According to climate projections, the globe will witness a return to El Nino, its warmer counterpart, later this year following three years of the cooler La Nina weather pattern in the Pacific Ocean, which typically reduces global temperatures significantly.
El Nino occurs when winds moving west near the equator slow down, and warmer water is pushed east, raising the temperature of the ocean's surface.
Carlo Buontempo, head of the EU's Copernicus Climate Change Service, believes that El Nino, often linked to extreme global temperatures that shatter records, will probably occur in 2023 or 2024, according to Reuters.
Buontempo said climate models predict a return to El Nino temperatures in the late boreal summer and a significant El Nino by year's end.
Earth Continues To Heat Up
Global temperatures have increased, and severe weather events have become more frequent as a result of the El Nino climatic phenomenon.

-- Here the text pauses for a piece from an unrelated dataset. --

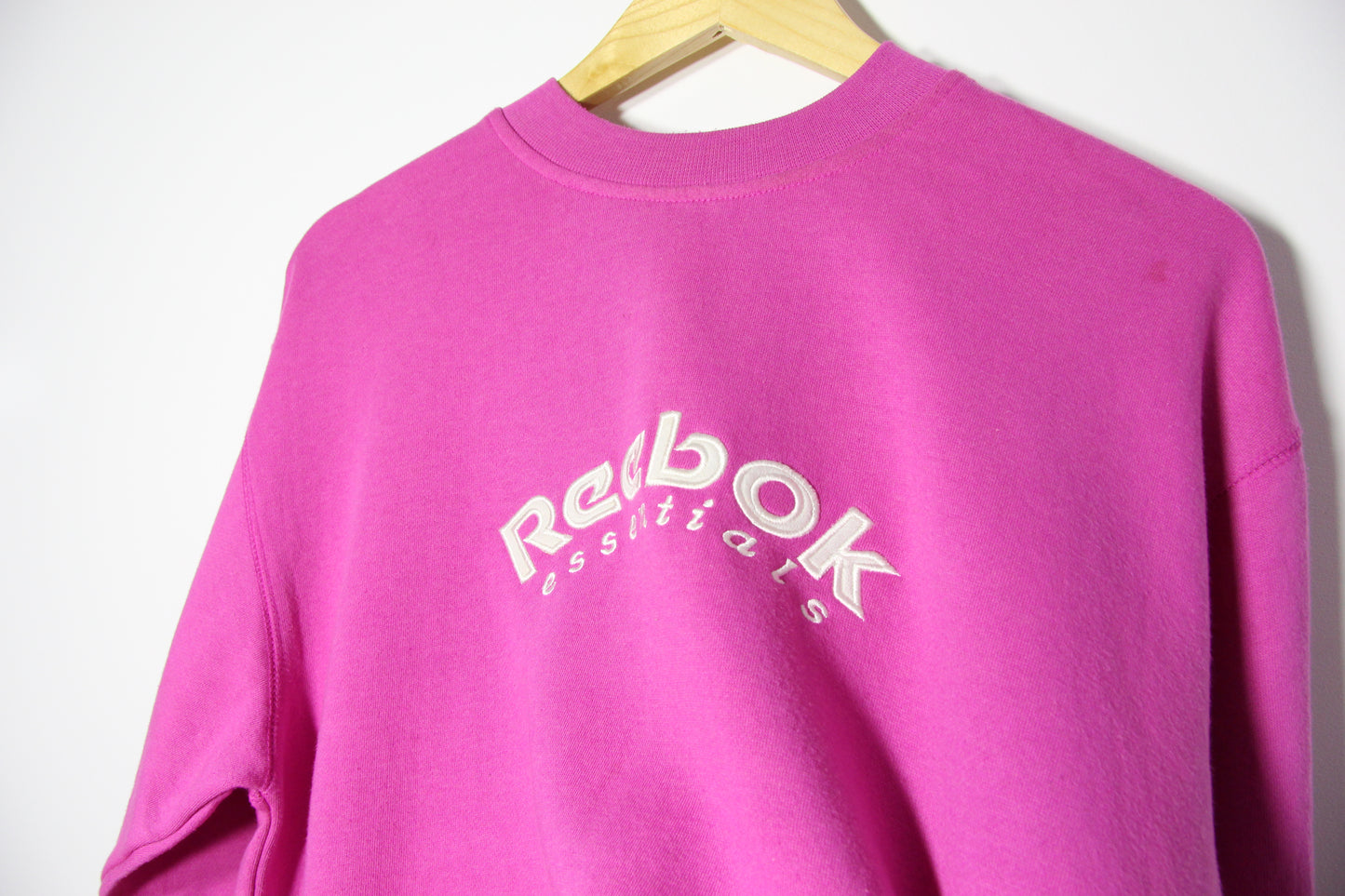 Vintage Reebok Pink Sweatshirt - S/M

While climate change has contributed to extreme temperatures in years without El Nino, 2016 is the hottest year on record, according to Euronews. Since then, the planet has continued to experience a warming trend, with the last eight years being the hottest ever recorded. Furthermore, ocean temperatures have reached unprecedented levels.
The climate pattern of the ocean and atmosphere also impacts global weather, leading to droughts in some regions and causing floods in others, leaving tens of millions of people needing relief, per Axios.